How to implement Fuzzy string matching algorithm in Python

Fuzzy string matching is the process of comparing two strings to determine their similarity. Unlike exact string matching, fuzzy string matching considers differences such as spelling mistakes, typos & variations in word order. This makes it a valuable tool in spell-checking, data deduplication, and natural language processing applications.

The similarity between two strings is determined by fuzzy string matching algorithms using various methods, such as Levenshtein Distance, Jaccard Similarity & Cosine Similarity. Using these methods, it is possible to spot patterns in the strings and assess how similar they are.

Fuzzy string matching is helpful in many sectors where massive data must be processed rapidly and reliably. Fuzzy string matching, for instance, is used in e-commerce to match products with similar names or descriptions, making it simpler for buyers to locate what they’re looking for.

This string-matching technique in data science is used to find duplicate entries in massive datasets, simplifying the cleaning and analysis of the data. Moreover, extracting meaning from text data is simpler when related phrases or concepts are identified using fuzzy string matching in natural language processing.

Installing and Importing Fuzzywuzzy Library

  1. Open a terminal or command prompt.
  2. Use pip to install the fuzzywuzzy library by using pip install fuzzywuzzy
  3. Once installation completed, it is time to import fuzzywuzzy library in Python script following from fuzzywuzzy import fuzz syntax.
  4. It will import the fuzz module from fuzzywuzzy library, which contains functions for fuzzy string matching.
  5. If you want to use the process or extract functions, you can also import the process module of the fuzzywuzzy library using the following code: from fuzzywuzzy import process

process” module has built-in methods for matching a string against a list of strings and returning the closest match, and for extracting the most similar string from a list of strings, respectively.

Comparing Two Strings with Fuzzywuzzy Methods

In this section, we will discuss the four most commonly used methods from fuzzywuzzy to compare two strings.

Comparing Two Strings: fuzz.ratio()

This fuzz.ratio() method compares the two strings character by character and calculates the Levenshtein distance between them. It compares two strings and returns a similarity score between 0 and 100. The more similar the strings are, higher the score will be.

from fuzzywuzzy import fuzz

string1 = "apple" #1st string to compare
string2 = "aple" #2nd string to compare
similarity_score = fuzz.ratio(string1, string2)
print(similarity_score)

In the code snippet above fuzz.ratio() method returns a similarity score of 91, indicating that the two strings are quite similar to each other.

Comparing two strings based on shortest string: fuzz.partial_ratio()

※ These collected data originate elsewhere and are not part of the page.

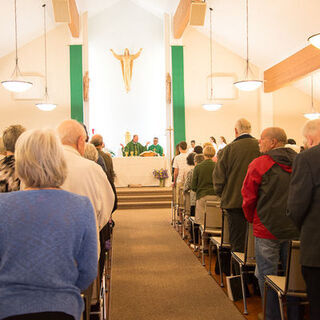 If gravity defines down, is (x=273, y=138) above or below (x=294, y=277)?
above

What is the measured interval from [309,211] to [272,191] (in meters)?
0.63

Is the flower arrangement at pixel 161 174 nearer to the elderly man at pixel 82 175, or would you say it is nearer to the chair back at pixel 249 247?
the chair back at pixel 249 247

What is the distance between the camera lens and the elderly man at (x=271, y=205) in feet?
9.29

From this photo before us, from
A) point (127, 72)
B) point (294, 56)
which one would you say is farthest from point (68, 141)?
point (127, 72)

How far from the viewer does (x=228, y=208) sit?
3865mm

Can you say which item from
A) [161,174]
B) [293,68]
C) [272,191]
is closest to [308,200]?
[272,191]

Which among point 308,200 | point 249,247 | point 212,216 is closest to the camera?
point 308,200

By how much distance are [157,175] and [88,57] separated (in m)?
5.34

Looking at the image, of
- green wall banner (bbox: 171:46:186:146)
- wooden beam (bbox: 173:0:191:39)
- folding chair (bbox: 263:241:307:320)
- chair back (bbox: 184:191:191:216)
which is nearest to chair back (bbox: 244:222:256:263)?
folding chair (bbox: 263:241:307:320)

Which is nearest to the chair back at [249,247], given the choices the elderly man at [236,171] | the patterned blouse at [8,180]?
the elderly man at [236,171]

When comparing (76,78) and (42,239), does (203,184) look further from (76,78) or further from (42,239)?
(76,78)

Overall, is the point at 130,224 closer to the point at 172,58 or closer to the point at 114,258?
the point at 114,258

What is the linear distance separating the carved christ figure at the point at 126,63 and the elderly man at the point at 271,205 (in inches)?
461

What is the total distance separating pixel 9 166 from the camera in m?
2.44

fuzz.partial_ratio() method is similar to fuzz.ratio(), but it compares the strings based on the shortest string. It is useful when we want to compare two strings that have different lengths.

from fuzzywuzzy import fuzz

string1 = "apple pie" #1st string to compare
string2 = "apple" #2nd string to compare
similarity_score = fuzz.partial_ratio(string1, string2)
print(similarity_score)

In this code snippet, fuzz.partial_ratio() method returns a similarity score of 100, indicating that the two strings are exactly the same.

Comparing two strings after sorting the tokens: fuzz.token_sort_ratio()

fuzz.token_sort_ratio() method compares two strings after sorting the tokens. It is useful when we want to compare two strings that have the same words but in different order.

from fuzzywuzzy import fuzz

string1 = "apple pie with ice cream" #1st string to compare
string2 = "apple with ice cream pie" #2nd string to compare
similarity_score = fuzz.token_sort_ratio(string1, string2)
print(similarity_score)

In this example, fuzz.token_sort_ratio() method returns a similarity score of 100, indicating that the two strings are entirely similar after sorting the tokens.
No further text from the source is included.